Available data:
_ _ _ _ _

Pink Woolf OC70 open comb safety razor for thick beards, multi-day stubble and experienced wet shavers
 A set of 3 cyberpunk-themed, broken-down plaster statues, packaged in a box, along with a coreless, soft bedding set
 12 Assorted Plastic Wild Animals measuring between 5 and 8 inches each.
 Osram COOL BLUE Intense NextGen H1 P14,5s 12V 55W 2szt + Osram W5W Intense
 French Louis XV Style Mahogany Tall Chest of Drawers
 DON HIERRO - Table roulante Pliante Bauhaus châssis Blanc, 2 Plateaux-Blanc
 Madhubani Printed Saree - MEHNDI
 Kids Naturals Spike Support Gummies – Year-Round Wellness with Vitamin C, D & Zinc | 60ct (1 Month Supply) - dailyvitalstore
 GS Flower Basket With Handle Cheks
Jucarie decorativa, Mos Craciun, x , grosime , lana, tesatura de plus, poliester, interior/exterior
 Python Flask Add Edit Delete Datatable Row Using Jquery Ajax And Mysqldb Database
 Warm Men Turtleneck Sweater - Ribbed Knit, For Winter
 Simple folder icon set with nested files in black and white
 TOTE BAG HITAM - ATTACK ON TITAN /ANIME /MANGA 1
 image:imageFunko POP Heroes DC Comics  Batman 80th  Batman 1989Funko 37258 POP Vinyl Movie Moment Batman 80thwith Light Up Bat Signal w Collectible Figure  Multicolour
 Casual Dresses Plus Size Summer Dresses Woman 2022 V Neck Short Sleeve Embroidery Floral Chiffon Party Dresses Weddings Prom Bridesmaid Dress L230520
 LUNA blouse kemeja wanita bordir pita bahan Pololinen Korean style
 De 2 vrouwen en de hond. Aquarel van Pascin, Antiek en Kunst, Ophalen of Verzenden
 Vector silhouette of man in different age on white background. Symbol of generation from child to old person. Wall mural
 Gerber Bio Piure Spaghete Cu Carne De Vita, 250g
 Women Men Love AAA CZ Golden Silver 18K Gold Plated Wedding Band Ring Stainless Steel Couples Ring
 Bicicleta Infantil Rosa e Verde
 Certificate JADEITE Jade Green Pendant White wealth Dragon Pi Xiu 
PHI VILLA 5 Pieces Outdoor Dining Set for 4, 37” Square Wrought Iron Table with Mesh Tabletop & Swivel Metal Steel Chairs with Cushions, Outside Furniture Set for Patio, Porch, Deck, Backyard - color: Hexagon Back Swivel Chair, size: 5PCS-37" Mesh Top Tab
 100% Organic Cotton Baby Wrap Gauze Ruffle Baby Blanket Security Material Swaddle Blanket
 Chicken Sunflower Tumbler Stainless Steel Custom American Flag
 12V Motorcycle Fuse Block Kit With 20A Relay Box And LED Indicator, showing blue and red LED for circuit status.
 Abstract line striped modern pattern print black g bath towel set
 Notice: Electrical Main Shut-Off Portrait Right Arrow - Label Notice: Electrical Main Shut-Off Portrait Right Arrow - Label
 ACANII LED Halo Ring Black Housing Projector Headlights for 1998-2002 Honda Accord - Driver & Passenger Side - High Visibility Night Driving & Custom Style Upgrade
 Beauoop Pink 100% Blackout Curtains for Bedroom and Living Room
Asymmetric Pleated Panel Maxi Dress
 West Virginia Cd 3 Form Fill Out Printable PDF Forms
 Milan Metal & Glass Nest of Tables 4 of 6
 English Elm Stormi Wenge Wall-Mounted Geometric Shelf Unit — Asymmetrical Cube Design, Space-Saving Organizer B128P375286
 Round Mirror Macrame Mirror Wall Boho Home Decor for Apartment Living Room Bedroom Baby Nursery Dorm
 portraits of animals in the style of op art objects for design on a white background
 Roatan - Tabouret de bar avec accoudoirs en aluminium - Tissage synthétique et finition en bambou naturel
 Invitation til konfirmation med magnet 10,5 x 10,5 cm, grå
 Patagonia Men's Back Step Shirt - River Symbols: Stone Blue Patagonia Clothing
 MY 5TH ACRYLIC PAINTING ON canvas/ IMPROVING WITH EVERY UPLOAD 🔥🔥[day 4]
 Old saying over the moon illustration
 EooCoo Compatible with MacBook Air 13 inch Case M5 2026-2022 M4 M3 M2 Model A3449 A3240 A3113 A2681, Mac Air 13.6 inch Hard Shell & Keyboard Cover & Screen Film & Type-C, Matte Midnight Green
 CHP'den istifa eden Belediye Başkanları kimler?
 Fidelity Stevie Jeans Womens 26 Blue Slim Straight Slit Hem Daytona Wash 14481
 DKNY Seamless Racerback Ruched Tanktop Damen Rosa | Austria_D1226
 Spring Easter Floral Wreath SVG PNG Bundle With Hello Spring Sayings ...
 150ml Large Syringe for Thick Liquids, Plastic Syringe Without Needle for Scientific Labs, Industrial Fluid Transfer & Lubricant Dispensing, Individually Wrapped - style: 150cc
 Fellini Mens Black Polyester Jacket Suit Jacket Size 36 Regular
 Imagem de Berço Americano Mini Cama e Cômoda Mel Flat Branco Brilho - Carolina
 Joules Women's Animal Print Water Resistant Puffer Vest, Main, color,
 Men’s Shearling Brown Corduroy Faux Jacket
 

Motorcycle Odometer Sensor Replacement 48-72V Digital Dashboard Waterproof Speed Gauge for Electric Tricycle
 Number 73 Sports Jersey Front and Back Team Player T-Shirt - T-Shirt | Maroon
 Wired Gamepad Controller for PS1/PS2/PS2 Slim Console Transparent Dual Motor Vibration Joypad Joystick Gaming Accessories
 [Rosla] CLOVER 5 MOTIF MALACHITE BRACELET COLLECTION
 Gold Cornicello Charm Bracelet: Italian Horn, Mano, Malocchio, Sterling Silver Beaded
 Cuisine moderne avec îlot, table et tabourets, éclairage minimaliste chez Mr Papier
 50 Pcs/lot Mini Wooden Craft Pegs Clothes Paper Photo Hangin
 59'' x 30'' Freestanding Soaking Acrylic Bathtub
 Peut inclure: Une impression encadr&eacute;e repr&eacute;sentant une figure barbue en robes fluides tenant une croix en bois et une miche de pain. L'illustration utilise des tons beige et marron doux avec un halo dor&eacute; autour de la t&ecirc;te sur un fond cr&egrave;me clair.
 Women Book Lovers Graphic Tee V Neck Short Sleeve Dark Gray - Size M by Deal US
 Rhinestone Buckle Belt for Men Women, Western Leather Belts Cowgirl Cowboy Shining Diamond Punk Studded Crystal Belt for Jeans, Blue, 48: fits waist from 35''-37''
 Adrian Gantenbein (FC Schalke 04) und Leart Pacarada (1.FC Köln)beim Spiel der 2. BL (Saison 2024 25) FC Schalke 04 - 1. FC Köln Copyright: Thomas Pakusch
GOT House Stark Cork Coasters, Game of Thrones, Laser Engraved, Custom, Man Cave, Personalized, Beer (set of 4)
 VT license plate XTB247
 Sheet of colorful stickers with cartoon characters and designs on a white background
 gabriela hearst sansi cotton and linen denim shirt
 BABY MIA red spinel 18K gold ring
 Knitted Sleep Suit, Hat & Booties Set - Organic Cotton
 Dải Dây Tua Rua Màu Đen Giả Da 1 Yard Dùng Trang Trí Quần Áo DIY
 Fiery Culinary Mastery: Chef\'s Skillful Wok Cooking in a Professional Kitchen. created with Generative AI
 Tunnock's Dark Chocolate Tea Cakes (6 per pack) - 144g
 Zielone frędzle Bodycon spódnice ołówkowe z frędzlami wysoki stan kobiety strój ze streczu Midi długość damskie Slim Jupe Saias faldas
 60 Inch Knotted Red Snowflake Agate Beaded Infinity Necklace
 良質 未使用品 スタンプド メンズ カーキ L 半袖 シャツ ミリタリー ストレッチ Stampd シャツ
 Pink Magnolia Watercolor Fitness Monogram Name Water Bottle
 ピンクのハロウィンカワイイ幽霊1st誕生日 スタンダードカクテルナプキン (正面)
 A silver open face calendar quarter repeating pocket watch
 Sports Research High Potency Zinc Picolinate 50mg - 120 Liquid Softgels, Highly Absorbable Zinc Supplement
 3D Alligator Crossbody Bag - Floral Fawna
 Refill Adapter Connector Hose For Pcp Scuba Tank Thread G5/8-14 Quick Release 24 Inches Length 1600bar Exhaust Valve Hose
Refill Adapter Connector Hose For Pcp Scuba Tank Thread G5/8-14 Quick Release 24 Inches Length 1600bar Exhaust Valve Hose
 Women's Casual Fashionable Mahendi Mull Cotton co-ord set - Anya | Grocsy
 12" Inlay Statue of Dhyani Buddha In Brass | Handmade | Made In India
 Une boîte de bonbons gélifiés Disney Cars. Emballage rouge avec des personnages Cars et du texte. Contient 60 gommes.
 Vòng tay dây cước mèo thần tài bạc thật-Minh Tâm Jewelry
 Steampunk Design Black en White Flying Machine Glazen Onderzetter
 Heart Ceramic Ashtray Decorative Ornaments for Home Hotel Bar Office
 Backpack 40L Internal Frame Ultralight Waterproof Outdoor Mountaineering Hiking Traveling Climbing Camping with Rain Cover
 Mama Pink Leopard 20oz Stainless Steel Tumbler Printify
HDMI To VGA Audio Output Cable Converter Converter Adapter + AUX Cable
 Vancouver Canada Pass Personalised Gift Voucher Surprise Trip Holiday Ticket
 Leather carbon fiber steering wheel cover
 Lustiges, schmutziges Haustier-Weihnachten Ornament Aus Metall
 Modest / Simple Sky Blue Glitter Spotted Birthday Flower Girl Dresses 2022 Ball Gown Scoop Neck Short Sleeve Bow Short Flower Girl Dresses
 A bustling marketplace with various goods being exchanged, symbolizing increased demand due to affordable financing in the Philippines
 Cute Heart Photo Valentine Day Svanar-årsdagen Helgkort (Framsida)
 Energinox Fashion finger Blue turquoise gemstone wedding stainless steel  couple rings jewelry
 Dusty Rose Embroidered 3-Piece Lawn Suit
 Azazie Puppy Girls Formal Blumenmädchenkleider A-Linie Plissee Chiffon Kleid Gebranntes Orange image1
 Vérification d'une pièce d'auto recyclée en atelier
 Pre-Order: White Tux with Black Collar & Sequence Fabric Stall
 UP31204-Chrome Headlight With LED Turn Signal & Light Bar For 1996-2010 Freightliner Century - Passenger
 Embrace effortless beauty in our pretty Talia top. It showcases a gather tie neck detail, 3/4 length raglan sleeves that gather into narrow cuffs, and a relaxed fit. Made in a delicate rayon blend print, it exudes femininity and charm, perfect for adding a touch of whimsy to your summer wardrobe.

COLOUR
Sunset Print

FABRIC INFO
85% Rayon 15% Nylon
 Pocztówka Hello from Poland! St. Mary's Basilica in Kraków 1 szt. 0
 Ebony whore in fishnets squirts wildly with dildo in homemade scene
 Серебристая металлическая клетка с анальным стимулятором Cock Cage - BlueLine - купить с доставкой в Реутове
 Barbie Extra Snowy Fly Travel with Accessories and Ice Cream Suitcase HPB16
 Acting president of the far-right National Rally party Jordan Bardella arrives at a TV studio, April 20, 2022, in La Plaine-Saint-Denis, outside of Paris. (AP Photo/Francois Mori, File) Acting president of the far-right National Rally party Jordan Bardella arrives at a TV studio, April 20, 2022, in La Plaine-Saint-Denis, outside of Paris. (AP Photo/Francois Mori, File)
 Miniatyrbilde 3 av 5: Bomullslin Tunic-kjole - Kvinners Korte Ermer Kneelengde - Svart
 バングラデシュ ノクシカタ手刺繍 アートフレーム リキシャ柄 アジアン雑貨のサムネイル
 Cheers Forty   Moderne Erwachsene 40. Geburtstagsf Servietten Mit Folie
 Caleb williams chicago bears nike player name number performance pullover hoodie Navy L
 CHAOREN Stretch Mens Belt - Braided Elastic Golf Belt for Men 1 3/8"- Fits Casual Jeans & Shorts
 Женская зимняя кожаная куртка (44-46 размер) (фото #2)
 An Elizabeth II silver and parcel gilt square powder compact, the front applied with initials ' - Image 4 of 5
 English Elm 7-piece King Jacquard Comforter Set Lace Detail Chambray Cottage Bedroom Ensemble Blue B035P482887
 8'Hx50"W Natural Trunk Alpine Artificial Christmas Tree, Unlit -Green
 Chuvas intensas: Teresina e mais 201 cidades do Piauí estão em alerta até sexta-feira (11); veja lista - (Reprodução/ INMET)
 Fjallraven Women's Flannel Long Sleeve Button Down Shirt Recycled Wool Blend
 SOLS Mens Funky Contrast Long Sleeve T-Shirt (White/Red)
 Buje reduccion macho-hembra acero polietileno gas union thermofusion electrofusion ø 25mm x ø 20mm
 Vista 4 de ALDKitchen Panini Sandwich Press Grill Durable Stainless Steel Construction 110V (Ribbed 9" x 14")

_ _ _ _ _

Required action: Here the output must be the lines above from the line with "12 Assorted Plastic" to the line with "12V Motorcycle Fuse", both included, duplicated word for word and nothing else.

Written response:
 12 Assorted Plastic Wild Animals measuring between 5 and 8 inches each.
 Osram COOL BLUE Intense NextGen H1 P14,5s 12V 55W 2szt + Osram W5W Intense
 French Louis XV Style Mahogany Tall Chest of Drawers
 DON HIERRO - Table roulante Pliante Bauhaus châssis Blanc, 2 Plateaux-Blanc
 Madhubani Printed Saree - MEHNDI
 Kids Naturals Spike Support Gummies – Year-Round Wellness with Vitamin C, D & Zinc | 60ct (1 Month Supply) - dailyvitalstore
 GS Flower Basket With Handle Cheks
Jucarie decorativa, Mos Craciun, x , grosime , lana, tesatura de plus, poliester, interior/exterior
 Python Flask Add Edit Delete Datatable Row Using Jquery Ajax And Mysqldb Database
 Warm Men Turtleneck Sweater - Ribbed Knit, For Winter
 Simple folder icon set with nested files in black and white
 TOTE BAG HITAM - ATTACK ON TITAN /ANIME /MANGA 1
 image:imageFunko POP Heroes DC Comics  Batman 80th  Batman 1989Funko 37258 POP Vinyl Movie Moment Batman 80thwith Light Up Bat Signal w Collectible Figure  Multicolour
 Casual Dresses Plus Size Summer Dresses Woman 2022 V Neck Short Sleeve Embroidery Floral Chiffon Party Dresses Weddings Prom Bridesmaid Dress L230520
 LUNA blouse kemeja wanita bordir pita bahan Pololinen Korean style
 De 2 vrouwen en de hond. Aquarel van Pascin, Antiek en Kunst, Ophalen of Verzenden
 Vector silhouette of man in different age on white background. Symbol of generation from child to old person. Wall mural
 Gerber Bio Piure Spaghete Cu Carne De Vita, 250g
 Women Men Love AAA CZ Golden Silver 18K Gold Plated Wedding Band Ring Stainless Steel Couples Ring
 Bicicleta Infantil Rosa e Verde
 Certificate JADEITE Jade Green Pendant White wealth Dragon Pi Xiu 
PHI VILLA 5 Pieces Outdoor Dining Set for 4, 37” Square Wrought Iron Table with Mesh Tabletop & Swivel Metal Steel Chairs with Cushions, Outside Furniture Set for Patio, Porch, Deck, Backyard - color: Hexagon Back Swivel Chair, size: 5PCS-37" Mesh Top Tab
 100% Organic Cotton Baby Wrap Gauze Ruffle Baby Blanket Security Material Swaddle Blanket
 Chicken Sunflower Tumbler Stainless Steel Custom American Flag
 12V Motorcycle Fuse Block Kit With 20A Relay Box And LED Indicator, showing blue and red LED for circuit status.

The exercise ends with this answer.